Van Epps, like Trump and other Republicans, has since flipped his stance and supports releasing the files. But Behn has aired an ad that accused Van Epps of “burying the Epstein files.” Van Epps, on the day the House overwhelmingly voted to compel the release, wrote on social media that he is “with President Trump 100%” and “would vote to release the Epstein files, no hesitation.”
Behn has also run ads that criticize Trump’s economic policies without explicitly naming him, an apparent effort to strike a balance in an area where the president has many loyal backers. “We are trying to mobilize our people without mobilizing theirs,” she said in the interview.
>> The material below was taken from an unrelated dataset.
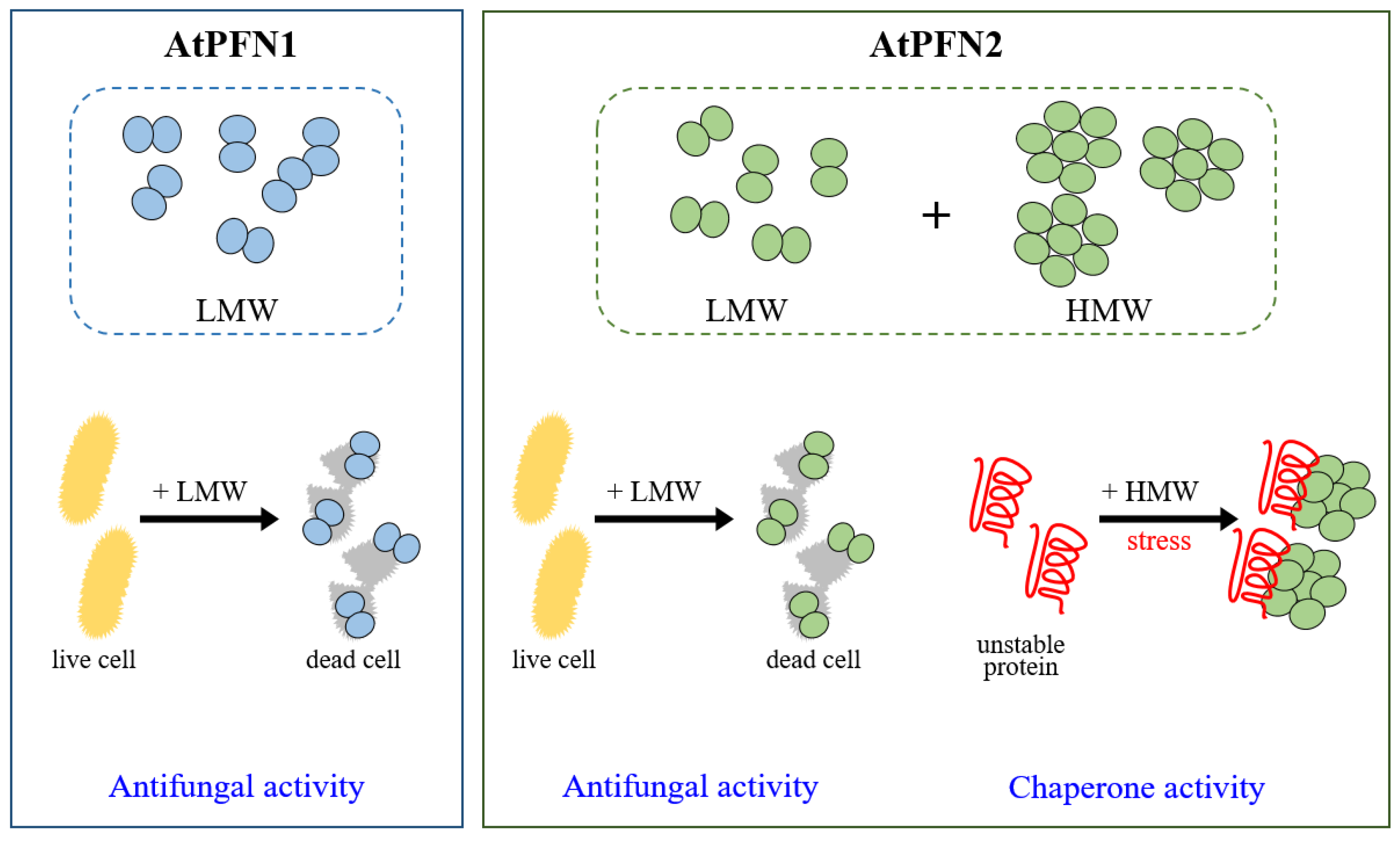 Molecules 27 05771 g009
Aware of the potency of economic-based attacks, Sen. Marsha Blackburn (R-Tennessee) has called Van Epps “a proven warrior” who, among other things, is “focused on the cost of living” and “the price of gas and groceries.” And Van Epps said on Monday that, if elected, he would work with Trump to “bring down the cost of living.”
Behn has not shied away from her liberal positions, touting her support for abortion rights and legalizing recreational marijuana, while Van Epps has attacked her for opposing the Trump administration’s crackdown on undocumented immigrants.
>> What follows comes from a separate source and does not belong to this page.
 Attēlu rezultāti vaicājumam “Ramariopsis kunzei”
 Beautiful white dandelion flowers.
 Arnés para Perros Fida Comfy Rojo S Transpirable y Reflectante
“The only way to stop crazy is to vote against crazy,” Van Epps said during his rally with Trump.
“I’m not a moderate White guy, but I am an organizer and I’m a Tennessean,” Behn said in the interview with The Post, citing a chance to “rewrite the Democratic playbook in the South.”
Her policy positions have given Republicans some reasons for optimism, even in a tough political climate.
This district is not “in any danger of being flipped,” said Jody Barrett, a Tennessee state representative who lost to Van Epps in the primary. Barrett, who referred to Van Epps as a “buttoned-up” politician who “sticks to the script,” said that while Behn’s views may rally her base in some parts of the district, they will also invigorate Republicans.
Former vice president Kamala Harris (D) rallied Behn supporters last month, but she did not appear onstage with the Democratic candidate and never explicitly mentioned her name. “This is a moment in the history of our country, right now, where the leadership from the ground, from the neighborhood, from the community, matters more than ever,” said Harris, who lost Tennessee by 30 percentage points in 2024.
The fact that Republicans have had to attack Behn much at all is what has been most notable to many observers.
“It’s interesting that Van Epps isn’t in a strong enough position just to ignore her,” said John G. Geer, a Vanderbilt University political scientist. “That tells me they’re worried.”